The head unit was a bitch and a half to pull in mine and we didn't even end up needing to. We used the rear door speaker for signal and used this fuse tap I found to run power to.


----------



## bad_diesel (Mar 11, 2014)

This is the fuse tap I used they sell at auto parts stores just make sure you get the right one. And tap into a fuse that only has power when the car is on


----------



## NickD (Dec 10, 2011)

In discussing this issue with my old time body shop manager friend, entire car is a b!tch to work on, parts snap together so nicely, but try to unsnap them. Have yet to learn how to pop up the rear seat cushion without breaking those plastic tabs, and Chevy wants 40 bucks for a pair for two new ones. Hear the same thing from the mechanics for other mechanical type work, plus my own experiences. Where are the screws?

Looked at that Pac unit:










What do you need an additional volume control, practically all auxillary amplifiers have this, and sure a bunch of stuff just to get four audio signal pins out, already at the back of the radio. Should run a ground and 12 wire as close to the radio as possible to power the aux amplifier to prevent ground loops. A bit hazy on using a command from the radio to switch on the power amp.

Easy on older cars, just soldered a jumper lead to a real power switch, 04 Cavalier, had to find a point in the circuit that switched on and design a buffer amplifier to switch on the aux amp power on relay. To do a neat installation, had to remove the seats and carpet to run that harness to the rear of the vehicle. Ha, try this on the Cruze. 

Recall visiting a Bose dealer, was curious how they were getting bass with their waveguide theory with a 2" speaker in a plastic enclosure. So brought along my own CD, he played some kind of flute concerto that sounded pretty good, but would not let me insert my heavy bass CD. Darn near threw me out of his store.

Just another solution with the Cruze, play flute concertos, sounds pretty good.


----------



## theonenandrew (Mar 25, 2015)

bad_diesel said:


> The head unit was a bitch and a half to pull in mine and we didn't even end up needing to. We used the rear door speaker for signal and used this fuse tap I found to run power to.


How did you tap into the rear speakers for signal? Like how did you connect the wires?


----------



## NickD (Dec 10, 2011)

Trying to pry off that center post molding in the Cruze would be a major challenge without breaking it. Maybe on a very hot day. But will only get two speaker wires. Still need a ground from the rear of the radio to prevent ground loops for the aux amp, can get the 12 volts from anywhere. Also something from the rear of the radio to switch that aux amp, on and off.

Plus the speaker wires are also back there. 

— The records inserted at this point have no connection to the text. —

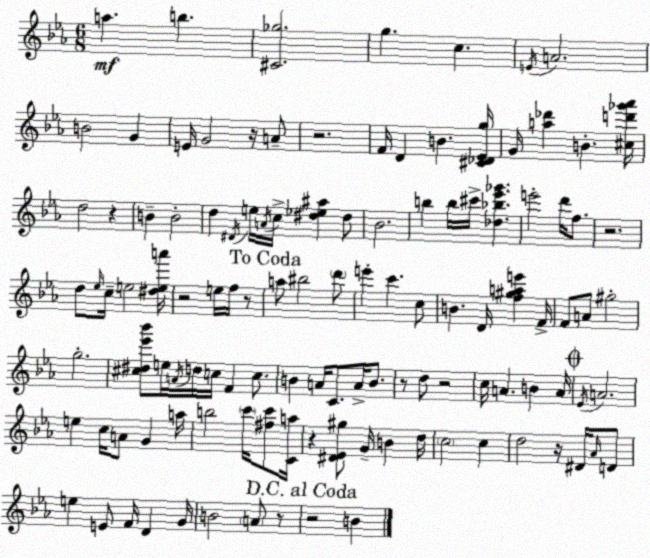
X:1
T:Untitled
M:6/8
L:1/4
K:Eb
a b [^C_g]2 g c E/4 A2 B2 G E/4 G2 z/4 A/2 z2 F/4 D B [^C_D_Eg]/4 G/4 [a_d'] B [^cd'_g'_a']/4 d2 z B B2 d ^D/4 e/4 A/4 c/4 [^d_e^a] ^d/2 _B2 b b/4 ^c'/4 [_d_b_e'_g'] e'2 d'/4 f/2 z2 d/2 _e/4 c/4 e2 [^dea']/4 z2 e/4 f/4 z/2 a/2 ^b2 d'/2 e' c' c/2 B D/4 [f^gae'] F/4 F/2 A/2 ^g2 g2 [^c^d_e'_b']/2 e/4 A/4 d/4 c/4 F c/2 B A/4 C/2 A/4 B/2 z/2 d/2 z2 c/4 A B A/4 _E/4 A2 e c/4 A/2 G a/4 b2 c'/4 [^fc']/2 [Ca]/4 z [^D_E^g]/2 G/4 B d/4 c2 c d2 z/4 ^D/4 _A/4 D/2 e E/2 F/4 D G/4 B2 A/2 z/2 z2 B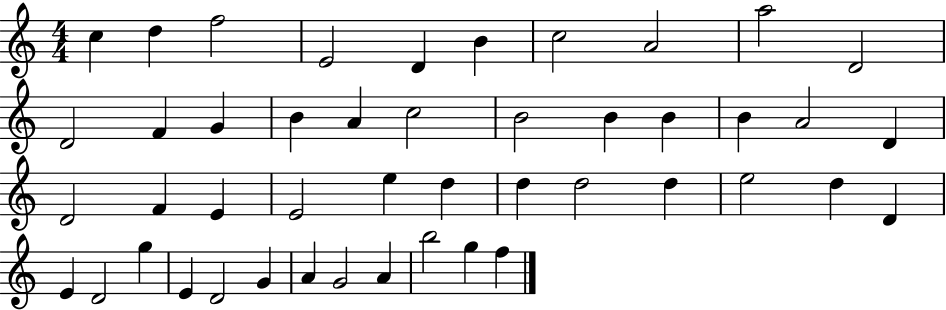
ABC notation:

X:1
T:Untitled
M:4/4
L:1/4
K:C
c d f2 E2 D B c2 A2 a2 D2 D2 F G B A c2 B2 B B B A2 D D2 F E E2 e d d d2 d e2 d D E D2 g E D2 G A G2 A b2 g f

Think they call this logic. 

Do have some ideas for making a tool so I can remove the back lower seat cushion without laying out an additional 40 bucks for two very cheap plastic tabs. But my wife and family have different chores for me to do. 

Talked to several Chevy body shop managers on this issue, they had to learn how to explain to insurance companies or customers why the extra cost for having to break things off the Cruze, and found no easy way. Snap in so nice, but impossible to remove. 

Reminds me of some aircraft engine where the head and cylinder are cast in one piece, if that top piston ring expands by pushing that piston in a tad too far, you are dead meat. No way to get it out, call this a blind hole.

Cruze body designers must have heard about this, sounds like fun, let's do it, plus we will save a screw. Also if that unibody bends, this is the largest throwaway part, but blame this on the government, dey all do dis. 

Ha, can also buy one of these and set it in the back seat of your car, comes with two 10" speakers.


----------